Para Las Cerezas

Solían pasarnos lista a escasos nombres de distancia. La G y la L están muy próximas. También compartíamos el final de la hilera cuando nos formábamos para entrar a clases: tomar distancias, descanso, avancen. Éramos altas, pero Ana Hilda era más alta que yo. A veces me pregunto si fue nuestro lugar en la fila lo que desató nuestra complicidad temprana en la primaria. Uno quisiera hurgar en el vértice donde se desatan las primeras conversaciones y elecciones. A lo mejor mi amiga Guadalupe me lo puede aclarar, porque también ella ocupaba ese espacio privilegiado de la fila. Digo privilegiado porque nos daba cierta contemplación del grupo, que se repetía en el aula escolar, pues desde los asientos del fondo, y a distancia de los profesores, podíamos intercambiar papelitos con dibujos, declaraciones de amistad, que son tesoros de pertenencia. Tendríamos entonces 11 años. En el anuario escolar aparecemos juntas vestidas con tutú de ballet y chongos muy remilgados. De alguna manera nos vemos demasiado grandotas para la delicadeza que supone el ballet, sonreímos y esa sonrisa, lo pienso ahora, es lo que me debe de haber acercado a Ana Hilda Galindo Maldonado, mi compañera de primaria. Si observo otras fotos en distintos momentos de la vida, Ana Hilda ostenta esa sonrisa dulce y sincera que aún prodigaba en sus últimos días en la cama de su casa (arropada por la música que su hijo Andrés le había preparado, por la voz alegre de su hija Sofi, por la compañía amorosa de Héctor).

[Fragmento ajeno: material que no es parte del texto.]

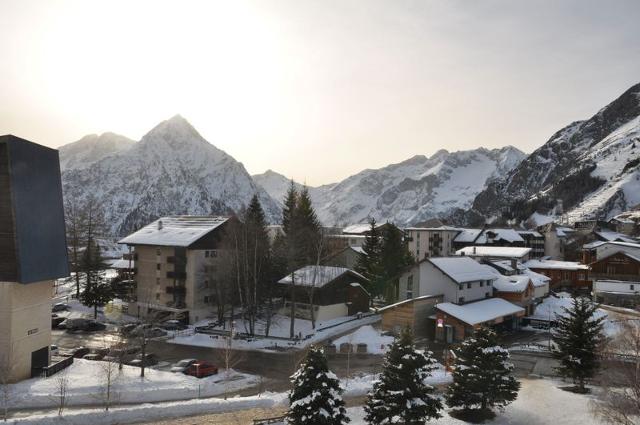 Studio Lauvitel N°F4 - ST4 - Les Deux Alpes Centre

Ana Hilda, que estudió diseño industrial en la Ibero, y que durante mucho tiempo llevó el diseño de la Harley Davidson en México, lo que a sus amigas nos parecía muy original y muy rockero, ad hoc con la generación que somos y con la música que escuchamos y las parejas que escogimos, en realidad lo que disfrutaba y para lo que tomó muchos cursos y talleres era la plástica. La encáustica, la acuarela, la litografía y sobre todo el monotipo eran su pasión y donde la generosidad que prodigaba a los demás, encontraba otra forma de extensión de su persona y sus búsquedas. Participó en numerosas exposiciones colectivas e individuales (la más reciente en el Museo de Bellas Artes de Toluca en 2014), en México y otras partes del mundo pero, discreta como era, compartía con recato sus logros y exploraciones plásticas.

Para festejar nuestras varias décadas, hace un par de años tres amigas hicimos un afortunado viaje para visitar a la amiga que vive en Portugal y allí tuvimos la oportunidad de conversaciones, alegrías y sinceridades que la vida cotidiana difícilmente permite. Ana Hilda pasó un buen rato detrás de la cámara, su ojo inquieto no sólo nos tomó las mejores fotos, sino que preparaba ya una exposición futura retratando los carteles sobre John Kennedy, en todo tipo de lugares en París. Era dichoso descubrir las pasiones de la mirada de Ana Hilda, la vehemencia con que dijo hay que ver la exposición de Mona Hatoum, o la de Anish Kapoor en Versalles. Su brújula estética cinceló esos felices días celebratorios donde ninguna considerábamos que su tiempo estaba acotado (como ninguno lo hacemos con nuestras propias vidas).

La elegante generosidad de su persona la ha dejado entre nosotros para reconocer que su capacidad de amistad, su mirada como artista, la dulzura de su compañía, la facilidad de su sonrisa y su discreta inteligencia son excepciones. La partida de Ana Hilda me deja profundamente triste, porque los amigos no deben morirse, porque nos pensamos eternos jóvenes (y tal vez en nuestro deseo de seguirnos comiendo el mundo lo somos), porque somos cómplices de vida y hemos crecido juntos y queremos seguir tomando distancia y avanzar al salón pensando que la vida entera está frente a nosotros.